> [What needs to be done] Each line of the data is to be output verbatim, with the images removed.

> [Supplied data]
--- START ---
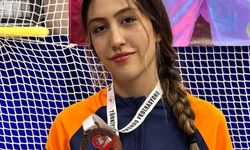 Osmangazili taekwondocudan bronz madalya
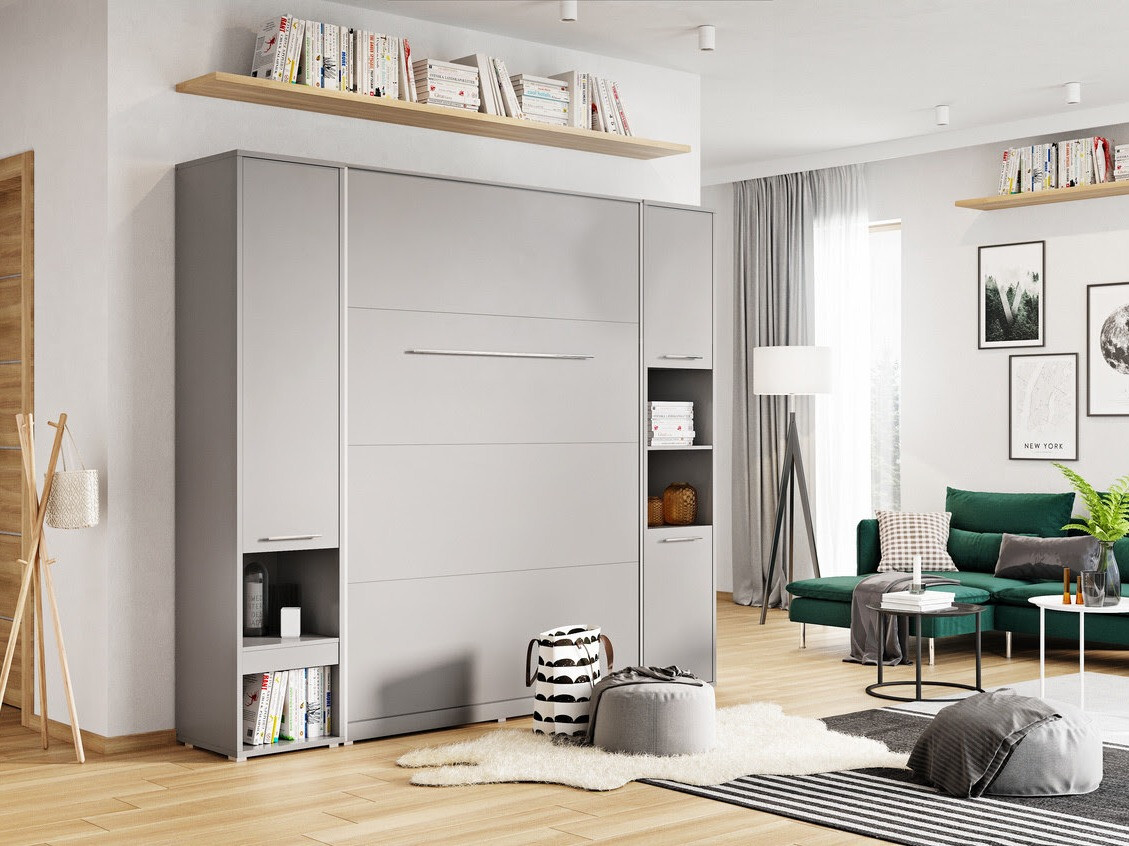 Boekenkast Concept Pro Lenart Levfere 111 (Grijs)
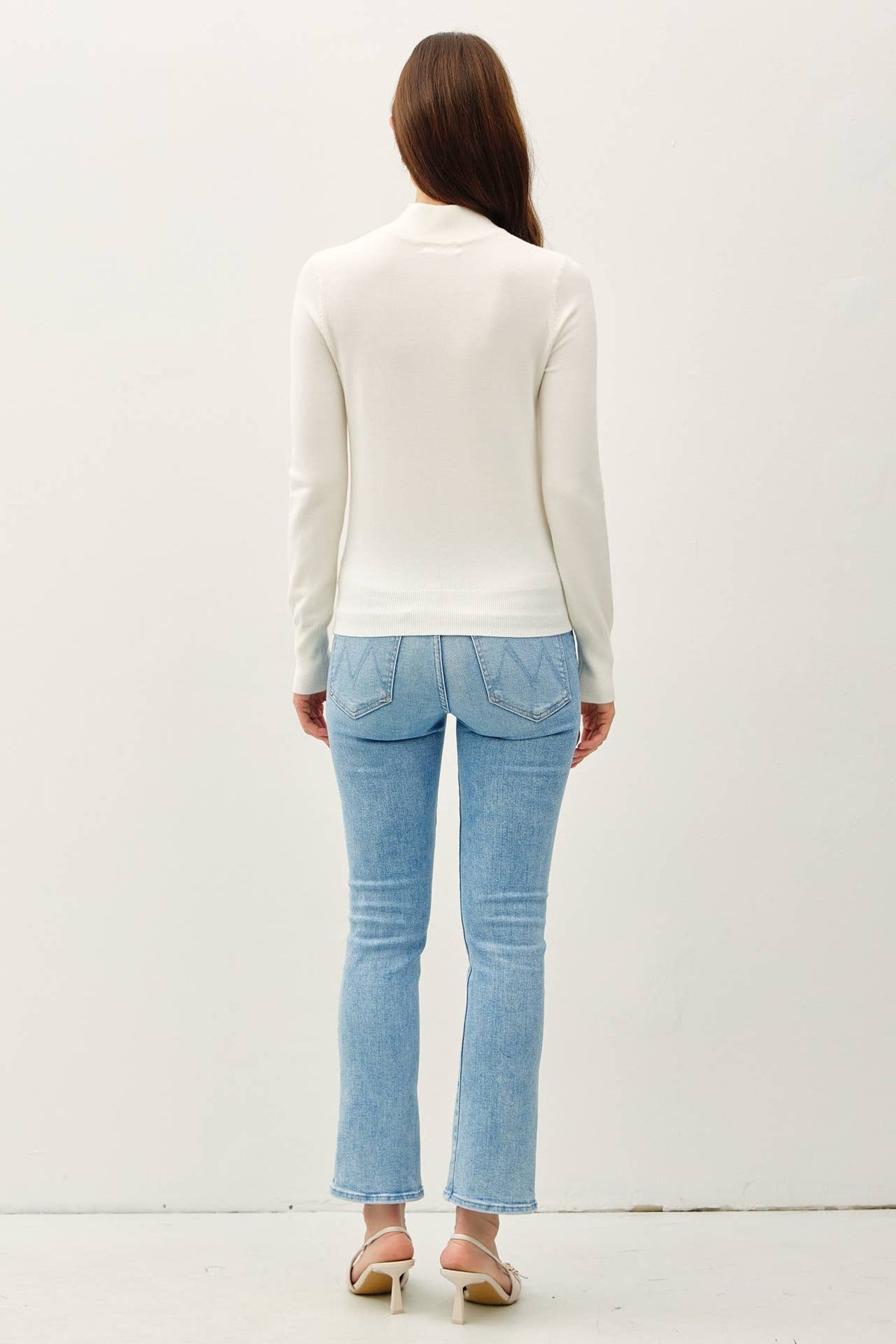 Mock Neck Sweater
--- END ---
> [Your response]
 Osmangazili taekwondocudan bronz madalya
 Boekenkast Concept Pro Lenart Levfere 111 (Grijs)
 Mock Neck Sweater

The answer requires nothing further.